Эта предельная пластичность живописания – сильнейшая сторона таланта Овидия-эпика [11] – делает живыми и знакомыми одержимых гневом, любовью, завистью богов и героев: они те же, что и в живописных композициях на стенах домов, в скульптурных группах, в театральных пантомимах, где под декламацию стихов танцоры изображали действия персонажей [12] . Потому так реальны их страсти, их «Любови», что они остаются обитателями условного мира, любимого читателями Овидия.
Конечно, миф при этом не мог сохранять значение универсального мировоззренческого символа, утвержденного верой, – настолько, что нетрудно было даже, как в «Любовных элегиях», низводить его почти до пародии. И все же снизить возможно только то, что ощущается как высокое. Именно эту двойственность использует Овидий. Очередное любовное похождение Юпитера можно воспринять как «галантный эпизод», гибель Фаэтона – как драму непосильного дерзновения; но одновременно то и другое – космические события.

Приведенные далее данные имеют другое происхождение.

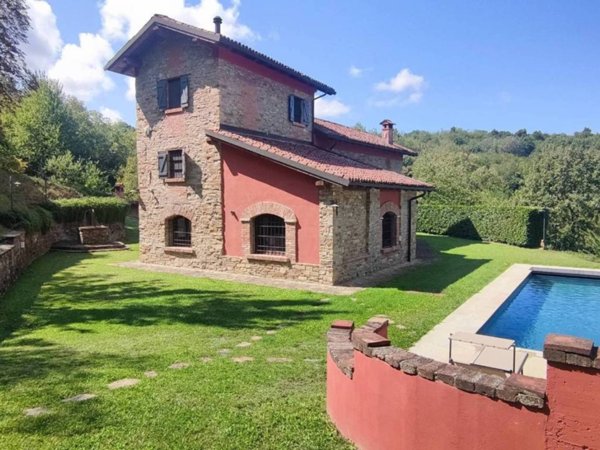 casa indipendente in vendita a Trisobbio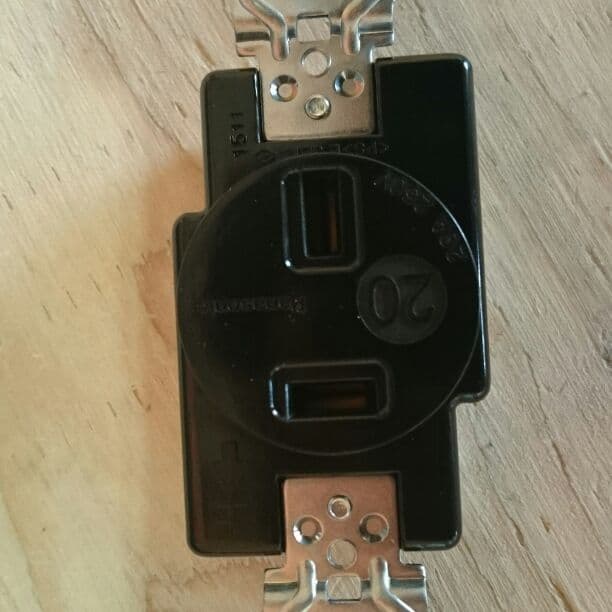 コンセント ME8710TA3｜200Vコンセント(C13X7) 16A 250V VCT3m L6-20プラグ付 19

Дело не только в том, что любовь Юпитера к Каллисто и ревность Юноны обогащают небосвод новым созвездием, а юная гордыня Фаэтона грозит гибелью миру. Дело в том, что психологические мотивы происходящего изменяются в масштабе. Для Овидия, как для всех римских писателей, психологическое есть нравственное, нравственные же конфликты, происходящие в традиционно-возвышенной сфере, приобретают значение вечных образцов и норм.

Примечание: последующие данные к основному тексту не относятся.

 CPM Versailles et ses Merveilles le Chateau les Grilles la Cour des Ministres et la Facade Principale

Не случайно столь часто повторяется в поэме мотив метаморфозы-награды (Филемон и Бавкида) и метаморфозы-кары. Иногда – за истинное злодейство (Ликаон, Эрисихтон): боги блюдут закон справедливости. Но иногда караются и те, кто посмел тягаться с богами (Арахна, Пиериды): в мире «Метаморфоз» гордыня смертных, чрезмерная оценка собственной личности по традиции считается греховной. И все же этих персонажей не ощущаешь злодеями, как и Пенфея, Миниад и других противников Вакха. Тем более – Мирру, Библиду, Медею (любимую героиню Овидия), Скиллу – преступниц во имя любви. К ним поэт со всей очевидностью стремится вызвать сочувствие, как и к жертвам неразделенной любви, разлуки, смерти любимого, будь этими жертвами даже боги.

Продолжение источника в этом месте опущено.